OPINION: Once a day the internet develops a throbbing boil of moral outrage. Today’s pustule is growing over an advertisement for Gym Pole, a pole fitness company, where tween girls twirl around a pole in their garden. 

Facebook has a problem with the ad because it’s supposedly sexualising children and they’re acting like strippers. 

Nope. These girls are not tween strippers. They are kids doing acrobatics on a pole in a garden. 

This is a classic example of “it’s not you, it’s me”. They’re not the ones with the problem here. We are. 

We think of pole dancing as inherently sexual. But it’s not just sexual any more.

In outdated mainstream culture, pole dance was inherently connected to the 1980s and 1990s when poles appeared in strip clubs. But it actually has its non-sexual roots in the form of male-dominated gymnastics sport Mallakhamba, which was popular in 13th century India and China. 

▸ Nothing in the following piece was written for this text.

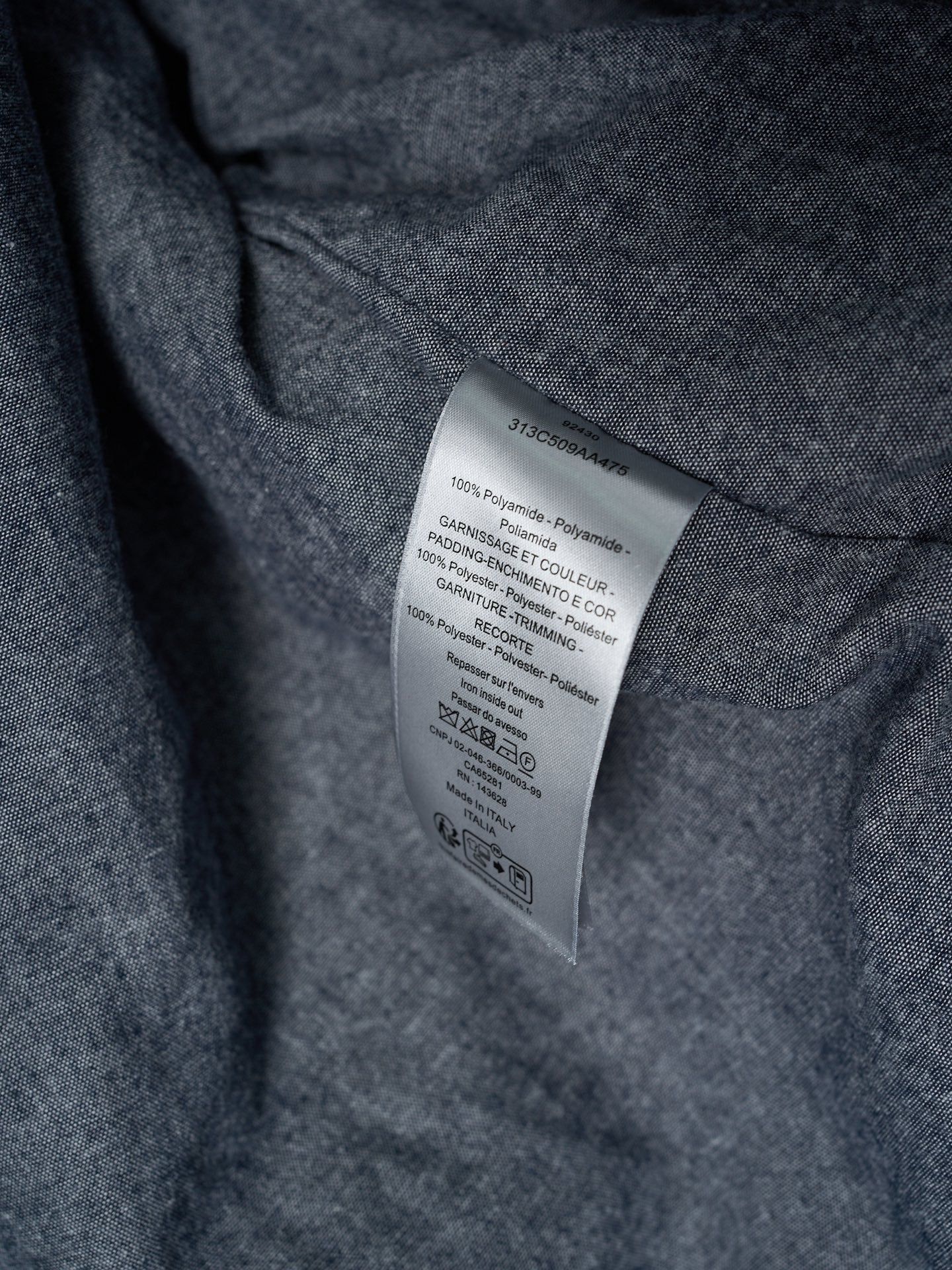Long garment fabric with inner care label on dark gray textile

Malkhamb act in the Sewadal Rally at 45th Statelevel Nirankari Sant Samagam of Maharashtra.
Malkhamb act in the Sewadal Rally at 45th Statelevel Nirankari Sant Samagam of Maharashtra. Photo credit: Adarsh Upadhyay, Wikipedia

In the last decade, pole dancing has developed into a mainstream acrobatic sport. It’s run in brightly lit dance studios with brightly smiling women as a form of female friendly, feel good gym class that makes you really really fit. 

It’s just like belly dancing, which evolved from something that was once solely erotic into a sport so mainstream that under-12s now do it in droves. 

And it can do this because it’s not inherently sexual. It can be both a K Rd staple and a mainstream sport. It all depends on your context and your intent. Yeah, pole dancing for men in a strip club is sexual. You’re doing it to shitty ‘70s rock to sell sex to men and get lap dances. But in a dance studio you’re doing it for yourself, to test the limits of your flexibility and femininity. 

When I decided to jazz up my exercise routine with a couple of pole classes, I didn’t take to the pole thinking, “I’m gonna seduce the shit out of that bored receptionist playing Candy Crush.” I just thought it would give me abs. Admittedly it didn’t, but that’s because I quit after realising I had the upper body strength of a drunk T-rex.

So when there’s an advert showing tweens doing pole, it’s not making them into tween strippers. To those kids, they’re just doing acrobatics. We’re the ones projecting a sexual image onto them. And it’s our problem for seeing sex when it’s just not there.

Verity Johnson is a Newshub columnist.